Here’s how to tell you’re leaving your partner high and dry
Ever wondered your partner may have been sexually unsatisfied forever and never brought it up with you? Find out the truth with these signs.
Lovemaking is one of the most important aspects of a relationship. During the initial stages of the relationship, both partners play a proactive role when it comes to sexual matters. Often, with time, the dynamics change. This may happen for various reasons, and sometimes, people are also unable to keep their partners happy in bed. Most unsatisfied people desist from raking up the issue with their partners as it may hurt them, especially men, who consider their sexual prowess as a sign of their masculinity. However, the issue of sexual satisfaction is gender-neutral.
But as experts reveal, there are many signs that you may have missed, and which tell you that your partner maybe unhappy with the lovemaking. Here’s what to look out for:
Overworking and excessive drinking
If your partner is drinking or working more than usual, it is possible that there is a disconnect, and can also probably be because of sexual dissatisfaction. Viveck Shettyy, life coach, says, “This is their way of expressing it. They want to completely escape their sex life or the circumstances, and yet make it look natural. So, whatever little is left of it, is more out of compulsion, and less out of joy.”
Cold and unresponsive
If your partner doesn’t engage too much in conversations in bed and is also very critical of you, the real problem may be sexual dissatisfaction. Shettyy says, “This behaviour may extend to restricting much of your movement during the act, becoming cold and unresponsive, being keen on getting over with it quickly, and calling it a day.”
Persons unhappy with their sex life will try to avoid things associated with sex or aspects leading to it. Kavita Mungi, mental health counsellor, says, “They may talk about everything other than sex, they will avoid getting intimate, and indicate a desire to not take sexual matters ahead.”
They may be jealous of other people’s relationships. Mungi says, “Another psychological indication of dissatisfaction is being envious of the relationships of other couples, and making sly references to the perfection of the appearance of others’ partners.”

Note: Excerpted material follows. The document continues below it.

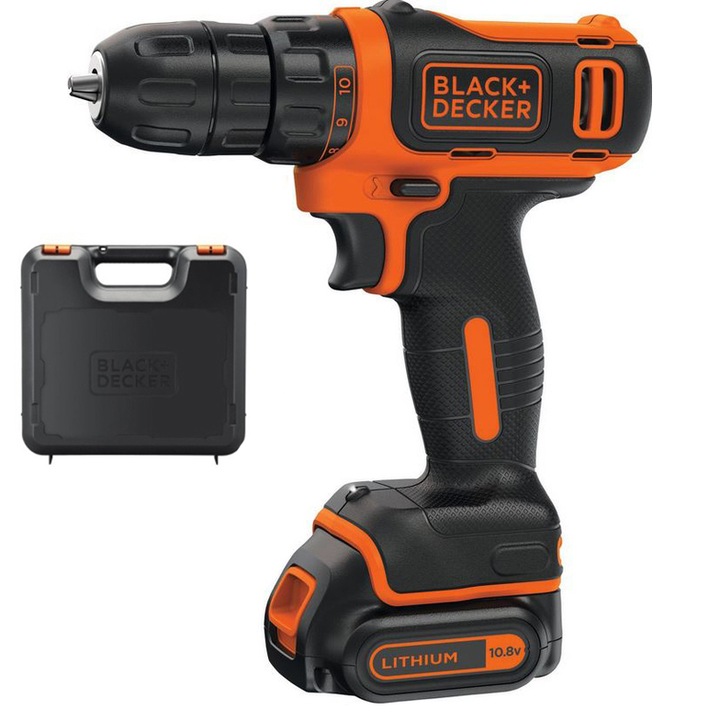 Black & Decker BDCDD12KB Akkus furó-csavarozó, 10.8V, 2 1.5Ah akkumulátor, Hordtáska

Sudden fondness for sleaze
Some of them tend to watch more porn and rely on imagination. Shettyy says, “In the absence of real pleasure, they may resort to watching porn. Fantasy and imagination become the ideal escape route for them.”
Hitting the bed early
Persons, who are unhappy with their sex life, will hit the bed early. Dr Maya Kirpalani, consultant psychologist and family therapist, says, “If this happens very often with reasons such as tiredness or the need to wake up early, etc., there is a possibility that the partner is withdrawing from having sex. Those who used to always initiate sex in the relationship will also try this trick.”
Mentally absent during lovemaking
Your partner could be unsatisfied sexually due to other factors which are not related to you, as well, and this could mean losing focus during sex.
Kirpalani says, “Look out for your partner not being mentally and emotionally present during sex or getting distracted. If this happens frequently, it could indicate dissatisfaction due to stress or other factors.”